Dans “la Bataille des invisibles”, le réalisateur Manuel de Alba, professeur d’université, donne la parole à ces hommes et à ces femmes qui ont lutté pendant cinq ans pour faire valoir leurs droits en Californie, où affluent chaque année des centaines d’immigrés via le Mexique. “Les patrons profitent du fait qu’on est dans la clandestinité, qu’on n’ait pas de papiers, pour nous exploiter encore plus”, dénonce l’un d’eux.
Salaire horaire inférieur à 3 dollars quand le salaire minimum est lui autour de 7 dollars, heures supplémentaires non payées, travail sept jours sur sept à l’exception du 25 décembre : autant d’abus dont se sont rendus coupables les magasins Vons, Albertsons, Ralphs et Safeway. Face à ces géants de l’industrie, des employés particulièrement vulnérables qui souvent ne parlent pas anglais et sont peu informés mais prêts à tout pour garder leur boulot. Sauf ce jour où, à l’appel du syndicat des agents d’entretien, ils ont pour la première fois fait grève. Paralysant Los Angeles pendant près de quatre semaines.

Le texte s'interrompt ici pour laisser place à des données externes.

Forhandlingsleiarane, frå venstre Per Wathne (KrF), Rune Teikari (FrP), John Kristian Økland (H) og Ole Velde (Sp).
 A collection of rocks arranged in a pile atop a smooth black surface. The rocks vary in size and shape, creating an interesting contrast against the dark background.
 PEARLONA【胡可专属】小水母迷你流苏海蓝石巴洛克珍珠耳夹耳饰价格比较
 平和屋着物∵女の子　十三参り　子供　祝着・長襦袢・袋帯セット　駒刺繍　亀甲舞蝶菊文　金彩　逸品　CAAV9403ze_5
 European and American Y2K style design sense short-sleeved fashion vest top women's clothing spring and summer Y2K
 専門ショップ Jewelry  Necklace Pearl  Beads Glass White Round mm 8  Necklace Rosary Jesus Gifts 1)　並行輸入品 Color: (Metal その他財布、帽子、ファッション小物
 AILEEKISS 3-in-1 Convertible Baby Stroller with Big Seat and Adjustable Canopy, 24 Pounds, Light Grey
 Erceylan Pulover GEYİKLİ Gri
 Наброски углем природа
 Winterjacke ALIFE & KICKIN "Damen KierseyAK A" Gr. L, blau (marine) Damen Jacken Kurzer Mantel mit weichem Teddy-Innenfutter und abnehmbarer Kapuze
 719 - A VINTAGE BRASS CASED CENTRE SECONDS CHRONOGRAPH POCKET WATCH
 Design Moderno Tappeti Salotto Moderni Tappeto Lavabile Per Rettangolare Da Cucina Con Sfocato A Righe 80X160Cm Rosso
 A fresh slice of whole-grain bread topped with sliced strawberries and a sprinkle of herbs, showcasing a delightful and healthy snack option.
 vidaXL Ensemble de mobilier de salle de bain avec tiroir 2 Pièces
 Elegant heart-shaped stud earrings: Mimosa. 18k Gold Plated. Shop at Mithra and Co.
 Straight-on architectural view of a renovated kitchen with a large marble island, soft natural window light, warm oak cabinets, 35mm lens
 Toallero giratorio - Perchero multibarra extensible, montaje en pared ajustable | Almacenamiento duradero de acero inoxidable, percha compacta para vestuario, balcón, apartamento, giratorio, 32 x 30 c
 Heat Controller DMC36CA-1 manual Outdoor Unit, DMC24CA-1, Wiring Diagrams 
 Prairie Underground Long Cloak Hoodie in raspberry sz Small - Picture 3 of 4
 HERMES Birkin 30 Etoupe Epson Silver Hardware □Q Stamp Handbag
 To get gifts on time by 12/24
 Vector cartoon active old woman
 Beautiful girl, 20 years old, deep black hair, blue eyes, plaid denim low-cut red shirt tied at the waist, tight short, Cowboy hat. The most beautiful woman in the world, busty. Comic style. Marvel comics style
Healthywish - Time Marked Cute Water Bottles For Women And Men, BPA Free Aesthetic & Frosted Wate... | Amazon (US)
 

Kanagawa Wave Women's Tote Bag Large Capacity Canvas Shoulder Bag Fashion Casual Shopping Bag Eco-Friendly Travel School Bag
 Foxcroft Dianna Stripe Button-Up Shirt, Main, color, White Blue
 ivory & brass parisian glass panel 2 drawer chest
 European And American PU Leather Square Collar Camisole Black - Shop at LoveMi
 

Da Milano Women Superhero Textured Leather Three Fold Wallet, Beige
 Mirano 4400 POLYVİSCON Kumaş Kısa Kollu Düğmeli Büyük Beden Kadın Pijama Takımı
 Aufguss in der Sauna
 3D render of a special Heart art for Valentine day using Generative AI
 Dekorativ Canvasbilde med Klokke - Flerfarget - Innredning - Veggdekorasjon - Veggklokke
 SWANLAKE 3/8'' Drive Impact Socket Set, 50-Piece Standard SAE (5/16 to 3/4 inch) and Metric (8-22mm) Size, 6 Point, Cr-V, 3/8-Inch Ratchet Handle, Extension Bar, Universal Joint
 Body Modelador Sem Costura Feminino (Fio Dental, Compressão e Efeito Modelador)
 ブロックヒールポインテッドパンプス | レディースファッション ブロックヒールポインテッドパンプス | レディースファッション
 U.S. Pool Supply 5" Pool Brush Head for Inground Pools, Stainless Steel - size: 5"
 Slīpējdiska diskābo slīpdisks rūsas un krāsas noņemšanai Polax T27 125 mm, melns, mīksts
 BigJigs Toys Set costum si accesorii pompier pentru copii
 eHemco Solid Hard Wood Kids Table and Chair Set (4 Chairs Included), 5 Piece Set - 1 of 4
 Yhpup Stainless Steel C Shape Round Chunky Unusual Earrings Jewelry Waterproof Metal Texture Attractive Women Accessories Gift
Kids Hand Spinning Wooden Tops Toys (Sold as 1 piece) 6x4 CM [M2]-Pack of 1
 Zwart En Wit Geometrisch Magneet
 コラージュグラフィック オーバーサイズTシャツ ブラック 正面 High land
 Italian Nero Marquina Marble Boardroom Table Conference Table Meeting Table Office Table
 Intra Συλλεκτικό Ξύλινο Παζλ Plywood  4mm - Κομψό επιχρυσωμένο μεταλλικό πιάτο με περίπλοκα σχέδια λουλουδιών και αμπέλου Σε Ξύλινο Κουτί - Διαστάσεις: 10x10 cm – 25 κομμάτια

Une grève en forme d’avertissement pour Building One Service Solutions, la plus grande entreprise de nettoyage américaine. Alors que le système fonctionnait encore sans intermédiaire dans les années 1970, celle-ci a peu à peu externalisé en ayant recours à des sous-traitants, notamment deux grosses familles de Zacapala, dans le sud du Mexique. On prête ainsi à l’entrepreneur Alfonso Zapata d’avoir offert un emploi aux Etats-Unis à plus de 2 000 personnes de la région. Le parrain local lance : “Pour ce procès aux Etats-Unis, ils peuvent rayer [son] nom de la liste. Si qui que ce soit parvient à m’inculper je répondrai aux accusations.” Si la class action a été difficile à monter, notamment parce que les plaignants étaient en majorité des clandestins, le procès s’est néanmoins soldé par une victoire pour eux puisqu’ils ont obtenu 22 millions de dollars de dommages et intérêts.
Primé, entre autres, au Festival international de Puebla en 2011, ce documentaire de 52 minutes résonne comme un bel hommage à ces milliers d’invisibles.